• Wénlín Institute’s CDL, the Character Description Language, is the world’s most powerful new font technology.
• CDL is the engine (C source code) behind CJK Unicode megafonts, breaking the 64K glyph barrier! (A CDL font can contain an unlimited number of glyphs.)
• CDL is an XML application, a standards-based font and encoding technology designed for precise and compact description, rendering, and indexing of all 漢/汉 Han (Chinese, Japanese, Korean, and Vietnamese = CJKV) characters, encoded and unencoded.
• CDL is a font database with descriptions for nearly 100,000 characters, including complete Unicode 7.0 CJK character support, and more!

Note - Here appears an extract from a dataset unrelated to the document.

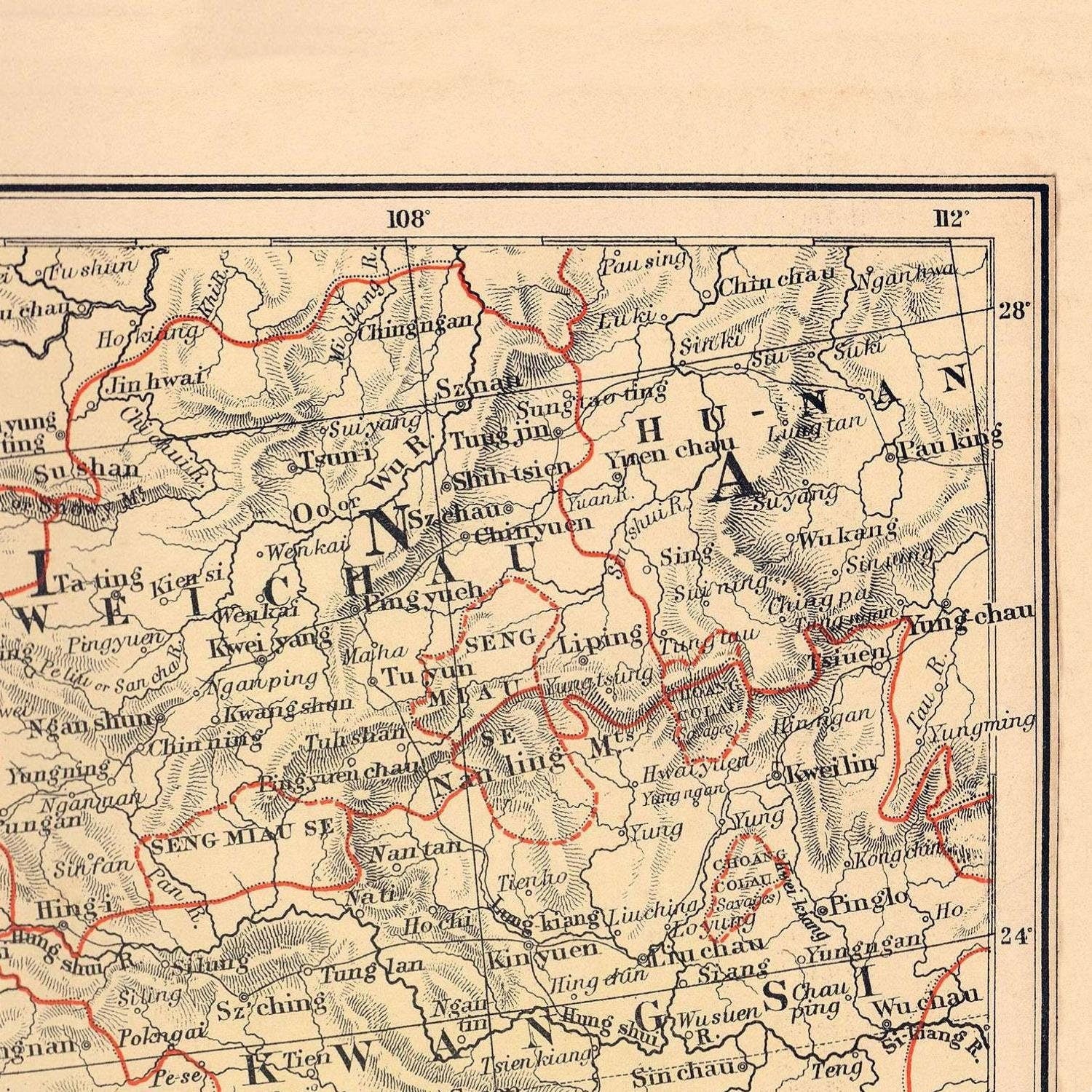 detail of the map from the top right corner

• CDL means consistent stroke/component analyses, built-in indexing and variant mappings, and high-quality graphic images as outlines convertible to SVG, PostScript, MetaFont, and more.
• CDL is a compressed binary with an incredibly small memory footprint (1.4 MB: 1,443,206 bytes), suitable for use in limited-memory mobile devices that want full Unicode CJK support.
• CDL technology has applications for machine learning, for handwriting recognition and input methods, for optical character recognition (OCR), and most importantly for human language-learning.
• The basic elements of CDL are a flexible two-dimensional coordinate space, and a set of basic stroke types. Using these simple elements, CDL provides a framework for describing characters and components, and for (recursive) reuse of character and component descriptions in the descriptions of other characters and components.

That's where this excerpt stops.